Part Number: LSF0102
Other Parts Discussed in Thread: PCA9306,

Hi,

Is there any graphic to show maximum speed V.S. load capacitance for 1.8V to 3.3V level shifter?

Currently, customer is using PCA9306 for 1MHz SMBus application, but it looks PCA9306 could only support up to 400KHz.

LSF0102 is p2p with PCA9306 in DQE package.

However, the maximum load capacitance may be up to more than 400pF, thus they want to check whether it is okay to run 1MHz at this kind of condition?

Please help!

Thanks and Best regards,

Tiger

  • Tiger,

    I am going to pull in the owner for PCA9306 to comment on this question.

    Best,

    Michael

  • The load capacitance must be charged through the pull-up resistor. So the speed is limited by the resulting R-C low-pass filter. The cutoff frequency is 1/(2πRC); digital signals need more analog bandwidth, so you could use 1/(20πRC) as an estimate for the maximum speed.

  • Hi Clemens,

    Is there any application document for my reference about that formula?

    here is my understanding.

    R= PU resistance

    C= bus capacitance (include device and trace capacitance)

    so 1/(2πRC) =1/(2*3.14*R*C), right?

    Thanks,

    Yihua

  • Yes. (In practice, C is hard to estimate, so you'd just look at the waveform with an oscilloscope and adjust the R.)

  • Thank you. Will try to calculate the cut off freq. based on the suggestion.

  • Hi,

    Just find two different formulas in the reply.

    one is 1/(2πRC) and the the other one is 1/(20πRC).
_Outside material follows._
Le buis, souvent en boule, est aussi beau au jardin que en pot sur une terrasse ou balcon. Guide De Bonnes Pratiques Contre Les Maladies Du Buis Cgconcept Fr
Which one is the correct one?

    Thanks,

    Yihua

  • The first is the −3 dB cutoff for analog signals. The second is an estimate for digital signals.

  • Just to add an additional comment, the PCA9306 was given the support cap value of 400pF because of the I2C specification for I2C speeds up to 400kHz. At 1MHz the I2C cap limitation moves to 550pF. The device itself can support these cap values but from a system level you would need to calculate the pull up resistor values depending on the bus cap you expect in the system. So the main take away here is higher cap levels are supported from a device perspective but from a system level the I2C spec discourages going past the spec'd limits based on max frequency. Adjusting the pull up resistor values will allow for you to meet I2C rise time requirements but at the cost of higher IoL (resulting in higher VoLs as well).

    Mismatches in cap loading between two sides of the device may also have a parasitic affect where the signal may hang at about Vref1+Vth during fast falling edges. This hang time typically lasts the in low double digit nano seconds and doesn't usually cause any signal integrity issues due to the amount of time is lasts and the I2C deglitching time built into I2C devices.